Work item | Once you find the line with "JoJo's Bizarre Adventure", copy it and every line after it through the end of the entries below, exactly as written.

─── Given records

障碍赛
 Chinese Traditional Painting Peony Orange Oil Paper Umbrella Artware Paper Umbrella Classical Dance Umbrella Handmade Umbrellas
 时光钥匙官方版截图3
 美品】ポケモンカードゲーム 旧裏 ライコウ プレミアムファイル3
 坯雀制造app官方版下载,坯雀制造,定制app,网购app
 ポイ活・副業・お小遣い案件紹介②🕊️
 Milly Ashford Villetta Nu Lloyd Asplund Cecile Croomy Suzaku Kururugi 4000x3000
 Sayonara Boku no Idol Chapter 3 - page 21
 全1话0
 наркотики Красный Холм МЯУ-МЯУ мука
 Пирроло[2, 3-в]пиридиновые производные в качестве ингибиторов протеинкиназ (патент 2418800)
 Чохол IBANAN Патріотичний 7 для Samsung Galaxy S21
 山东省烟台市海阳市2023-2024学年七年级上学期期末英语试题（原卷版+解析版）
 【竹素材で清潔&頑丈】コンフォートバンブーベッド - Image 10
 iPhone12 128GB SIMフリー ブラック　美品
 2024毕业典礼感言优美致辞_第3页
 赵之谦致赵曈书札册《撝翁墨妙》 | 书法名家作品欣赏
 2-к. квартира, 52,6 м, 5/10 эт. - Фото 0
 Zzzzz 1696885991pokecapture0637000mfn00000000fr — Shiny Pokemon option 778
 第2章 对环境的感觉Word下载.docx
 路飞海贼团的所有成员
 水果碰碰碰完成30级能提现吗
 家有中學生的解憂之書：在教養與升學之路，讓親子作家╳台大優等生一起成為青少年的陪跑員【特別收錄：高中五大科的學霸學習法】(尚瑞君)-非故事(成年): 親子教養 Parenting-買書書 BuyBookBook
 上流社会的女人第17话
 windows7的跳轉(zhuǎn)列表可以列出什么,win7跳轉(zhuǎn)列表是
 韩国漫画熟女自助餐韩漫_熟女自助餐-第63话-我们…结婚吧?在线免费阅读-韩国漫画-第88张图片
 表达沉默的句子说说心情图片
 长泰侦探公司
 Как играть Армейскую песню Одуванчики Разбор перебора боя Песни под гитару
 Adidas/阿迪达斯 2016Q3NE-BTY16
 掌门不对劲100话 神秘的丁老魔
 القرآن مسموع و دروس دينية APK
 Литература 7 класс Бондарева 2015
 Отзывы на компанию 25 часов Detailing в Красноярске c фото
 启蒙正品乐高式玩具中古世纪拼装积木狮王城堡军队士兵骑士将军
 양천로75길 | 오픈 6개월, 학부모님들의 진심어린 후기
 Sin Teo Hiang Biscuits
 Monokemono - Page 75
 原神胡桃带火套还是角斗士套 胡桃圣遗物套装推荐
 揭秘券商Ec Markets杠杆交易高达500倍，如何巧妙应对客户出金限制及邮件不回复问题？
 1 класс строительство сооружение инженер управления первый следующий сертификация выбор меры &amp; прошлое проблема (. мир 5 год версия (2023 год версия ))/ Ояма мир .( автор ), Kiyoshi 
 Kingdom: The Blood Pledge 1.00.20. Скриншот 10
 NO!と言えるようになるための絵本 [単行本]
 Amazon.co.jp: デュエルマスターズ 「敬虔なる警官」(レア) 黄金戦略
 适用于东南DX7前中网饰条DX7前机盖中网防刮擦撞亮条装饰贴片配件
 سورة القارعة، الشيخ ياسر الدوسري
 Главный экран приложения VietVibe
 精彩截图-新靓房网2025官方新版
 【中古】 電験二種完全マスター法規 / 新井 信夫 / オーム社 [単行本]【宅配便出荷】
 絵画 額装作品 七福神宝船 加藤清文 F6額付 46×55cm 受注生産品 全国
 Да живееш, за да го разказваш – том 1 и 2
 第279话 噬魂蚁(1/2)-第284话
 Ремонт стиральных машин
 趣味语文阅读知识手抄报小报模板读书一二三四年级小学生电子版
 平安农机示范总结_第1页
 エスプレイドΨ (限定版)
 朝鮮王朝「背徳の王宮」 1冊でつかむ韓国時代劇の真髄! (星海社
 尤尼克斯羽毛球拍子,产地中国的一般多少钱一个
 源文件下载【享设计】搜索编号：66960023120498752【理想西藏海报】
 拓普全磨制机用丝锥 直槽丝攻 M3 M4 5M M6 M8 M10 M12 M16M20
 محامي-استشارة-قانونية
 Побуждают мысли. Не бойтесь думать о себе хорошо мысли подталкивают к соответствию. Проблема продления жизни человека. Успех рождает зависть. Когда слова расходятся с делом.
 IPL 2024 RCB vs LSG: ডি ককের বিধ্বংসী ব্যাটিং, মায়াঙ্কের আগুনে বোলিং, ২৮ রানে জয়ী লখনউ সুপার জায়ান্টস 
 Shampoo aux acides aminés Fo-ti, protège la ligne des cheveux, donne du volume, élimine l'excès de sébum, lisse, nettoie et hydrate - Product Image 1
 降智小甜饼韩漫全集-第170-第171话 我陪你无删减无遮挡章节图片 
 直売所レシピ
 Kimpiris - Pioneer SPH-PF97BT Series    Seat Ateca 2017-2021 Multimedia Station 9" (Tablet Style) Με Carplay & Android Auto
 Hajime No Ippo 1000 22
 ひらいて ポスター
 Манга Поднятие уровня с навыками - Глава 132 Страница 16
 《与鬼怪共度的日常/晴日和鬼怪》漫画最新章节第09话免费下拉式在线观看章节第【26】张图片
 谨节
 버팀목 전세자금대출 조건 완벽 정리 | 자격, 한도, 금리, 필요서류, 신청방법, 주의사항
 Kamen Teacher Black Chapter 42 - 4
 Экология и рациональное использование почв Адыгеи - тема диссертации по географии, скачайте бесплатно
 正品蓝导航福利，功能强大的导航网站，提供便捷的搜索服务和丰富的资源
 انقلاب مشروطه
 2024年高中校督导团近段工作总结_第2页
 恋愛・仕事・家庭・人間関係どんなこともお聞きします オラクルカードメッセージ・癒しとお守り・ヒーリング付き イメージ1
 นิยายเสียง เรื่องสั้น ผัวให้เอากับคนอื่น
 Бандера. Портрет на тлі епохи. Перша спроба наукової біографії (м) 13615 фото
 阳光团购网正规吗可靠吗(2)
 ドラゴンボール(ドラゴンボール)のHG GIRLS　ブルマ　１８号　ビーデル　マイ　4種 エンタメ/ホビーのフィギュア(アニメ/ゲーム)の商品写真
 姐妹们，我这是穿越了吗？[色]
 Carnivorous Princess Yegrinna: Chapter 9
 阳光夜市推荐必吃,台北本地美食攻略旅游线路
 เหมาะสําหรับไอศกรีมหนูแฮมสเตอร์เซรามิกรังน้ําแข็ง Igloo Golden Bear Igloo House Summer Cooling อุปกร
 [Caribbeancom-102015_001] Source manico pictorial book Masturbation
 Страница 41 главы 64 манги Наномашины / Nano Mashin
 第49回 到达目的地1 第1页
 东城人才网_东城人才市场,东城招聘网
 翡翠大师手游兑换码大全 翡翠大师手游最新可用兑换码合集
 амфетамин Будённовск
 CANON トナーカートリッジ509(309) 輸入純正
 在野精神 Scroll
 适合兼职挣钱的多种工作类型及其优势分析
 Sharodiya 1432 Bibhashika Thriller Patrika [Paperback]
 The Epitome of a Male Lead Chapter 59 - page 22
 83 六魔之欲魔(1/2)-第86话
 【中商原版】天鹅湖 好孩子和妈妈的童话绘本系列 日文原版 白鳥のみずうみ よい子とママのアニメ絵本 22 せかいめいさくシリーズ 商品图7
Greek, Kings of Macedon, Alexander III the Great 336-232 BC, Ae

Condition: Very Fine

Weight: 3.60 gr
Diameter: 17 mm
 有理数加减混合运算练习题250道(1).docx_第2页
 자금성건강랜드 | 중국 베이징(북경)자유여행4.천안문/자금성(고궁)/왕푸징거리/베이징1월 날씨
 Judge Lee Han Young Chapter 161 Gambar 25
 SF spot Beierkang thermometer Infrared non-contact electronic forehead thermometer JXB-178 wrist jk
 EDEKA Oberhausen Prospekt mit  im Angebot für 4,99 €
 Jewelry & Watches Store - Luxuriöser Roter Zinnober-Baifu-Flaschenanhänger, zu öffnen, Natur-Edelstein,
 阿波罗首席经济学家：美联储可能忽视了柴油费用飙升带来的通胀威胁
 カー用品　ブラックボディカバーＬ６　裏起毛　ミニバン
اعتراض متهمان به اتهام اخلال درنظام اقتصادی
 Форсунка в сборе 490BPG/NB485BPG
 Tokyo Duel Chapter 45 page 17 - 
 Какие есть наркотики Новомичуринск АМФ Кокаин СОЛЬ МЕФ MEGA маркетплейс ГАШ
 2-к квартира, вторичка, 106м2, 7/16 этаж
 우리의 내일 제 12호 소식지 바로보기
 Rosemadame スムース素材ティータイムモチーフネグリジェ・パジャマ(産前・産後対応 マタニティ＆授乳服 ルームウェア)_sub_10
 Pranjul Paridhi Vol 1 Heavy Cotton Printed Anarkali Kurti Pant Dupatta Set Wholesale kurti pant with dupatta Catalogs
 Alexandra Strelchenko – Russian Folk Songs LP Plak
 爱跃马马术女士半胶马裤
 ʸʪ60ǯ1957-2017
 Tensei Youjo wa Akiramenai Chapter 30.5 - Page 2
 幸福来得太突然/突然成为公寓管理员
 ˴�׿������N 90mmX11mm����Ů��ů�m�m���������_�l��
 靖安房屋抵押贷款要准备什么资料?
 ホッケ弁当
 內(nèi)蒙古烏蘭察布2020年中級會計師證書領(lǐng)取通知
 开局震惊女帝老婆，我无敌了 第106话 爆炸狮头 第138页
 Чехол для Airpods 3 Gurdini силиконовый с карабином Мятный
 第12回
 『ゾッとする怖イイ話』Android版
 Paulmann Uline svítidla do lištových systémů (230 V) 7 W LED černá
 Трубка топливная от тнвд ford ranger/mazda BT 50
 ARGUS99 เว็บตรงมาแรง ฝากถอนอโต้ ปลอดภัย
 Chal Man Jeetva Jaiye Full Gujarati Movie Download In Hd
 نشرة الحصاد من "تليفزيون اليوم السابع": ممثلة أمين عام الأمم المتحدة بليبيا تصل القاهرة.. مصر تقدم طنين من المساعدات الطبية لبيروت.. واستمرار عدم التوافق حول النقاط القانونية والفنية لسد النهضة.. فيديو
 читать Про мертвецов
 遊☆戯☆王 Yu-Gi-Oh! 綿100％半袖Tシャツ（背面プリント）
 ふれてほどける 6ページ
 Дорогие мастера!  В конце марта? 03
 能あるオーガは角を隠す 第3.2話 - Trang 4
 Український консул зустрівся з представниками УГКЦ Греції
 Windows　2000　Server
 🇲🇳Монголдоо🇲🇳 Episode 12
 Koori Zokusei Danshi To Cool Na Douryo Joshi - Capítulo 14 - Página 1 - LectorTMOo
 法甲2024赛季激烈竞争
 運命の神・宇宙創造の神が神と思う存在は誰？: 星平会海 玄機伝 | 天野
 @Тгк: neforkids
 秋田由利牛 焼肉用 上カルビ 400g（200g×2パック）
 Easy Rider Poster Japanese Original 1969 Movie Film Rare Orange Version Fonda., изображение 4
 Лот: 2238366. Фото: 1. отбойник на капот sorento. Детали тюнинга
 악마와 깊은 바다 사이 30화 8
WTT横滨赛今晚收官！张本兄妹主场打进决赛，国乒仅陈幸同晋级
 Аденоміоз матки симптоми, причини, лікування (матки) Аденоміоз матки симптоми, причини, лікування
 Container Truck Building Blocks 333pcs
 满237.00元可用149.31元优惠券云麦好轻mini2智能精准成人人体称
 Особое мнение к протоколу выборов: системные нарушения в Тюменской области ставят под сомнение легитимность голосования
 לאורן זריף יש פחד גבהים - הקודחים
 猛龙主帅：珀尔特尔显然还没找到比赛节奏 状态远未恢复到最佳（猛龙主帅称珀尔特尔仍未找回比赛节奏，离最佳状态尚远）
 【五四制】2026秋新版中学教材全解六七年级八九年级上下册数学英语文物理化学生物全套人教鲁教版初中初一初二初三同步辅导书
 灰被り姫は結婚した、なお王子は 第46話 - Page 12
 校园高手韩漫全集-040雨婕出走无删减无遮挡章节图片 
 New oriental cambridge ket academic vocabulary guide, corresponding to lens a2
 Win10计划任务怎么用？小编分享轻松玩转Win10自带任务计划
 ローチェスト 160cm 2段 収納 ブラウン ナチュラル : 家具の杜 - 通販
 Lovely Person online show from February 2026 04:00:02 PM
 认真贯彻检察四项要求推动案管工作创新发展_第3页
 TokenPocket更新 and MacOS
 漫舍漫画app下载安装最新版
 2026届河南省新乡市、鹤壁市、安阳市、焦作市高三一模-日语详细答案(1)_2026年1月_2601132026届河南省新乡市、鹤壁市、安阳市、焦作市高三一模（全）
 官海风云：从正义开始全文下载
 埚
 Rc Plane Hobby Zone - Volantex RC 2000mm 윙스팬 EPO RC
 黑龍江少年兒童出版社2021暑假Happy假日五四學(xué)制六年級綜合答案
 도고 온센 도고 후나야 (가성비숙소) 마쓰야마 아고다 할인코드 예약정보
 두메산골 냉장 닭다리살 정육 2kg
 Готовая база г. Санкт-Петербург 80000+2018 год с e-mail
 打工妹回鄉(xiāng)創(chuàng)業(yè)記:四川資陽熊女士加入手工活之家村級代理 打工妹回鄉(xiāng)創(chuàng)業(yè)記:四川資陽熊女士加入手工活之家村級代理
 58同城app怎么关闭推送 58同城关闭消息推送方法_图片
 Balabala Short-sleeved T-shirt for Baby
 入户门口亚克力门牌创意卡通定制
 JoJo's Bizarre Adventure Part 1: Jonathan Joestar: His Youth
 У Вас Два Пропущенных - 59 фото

──────

Written solution |
 JoJo's Bizarre Adventure Part 1: Jonathan Joestar: His Youth
 У Вас Два Пропущенных - 59 фото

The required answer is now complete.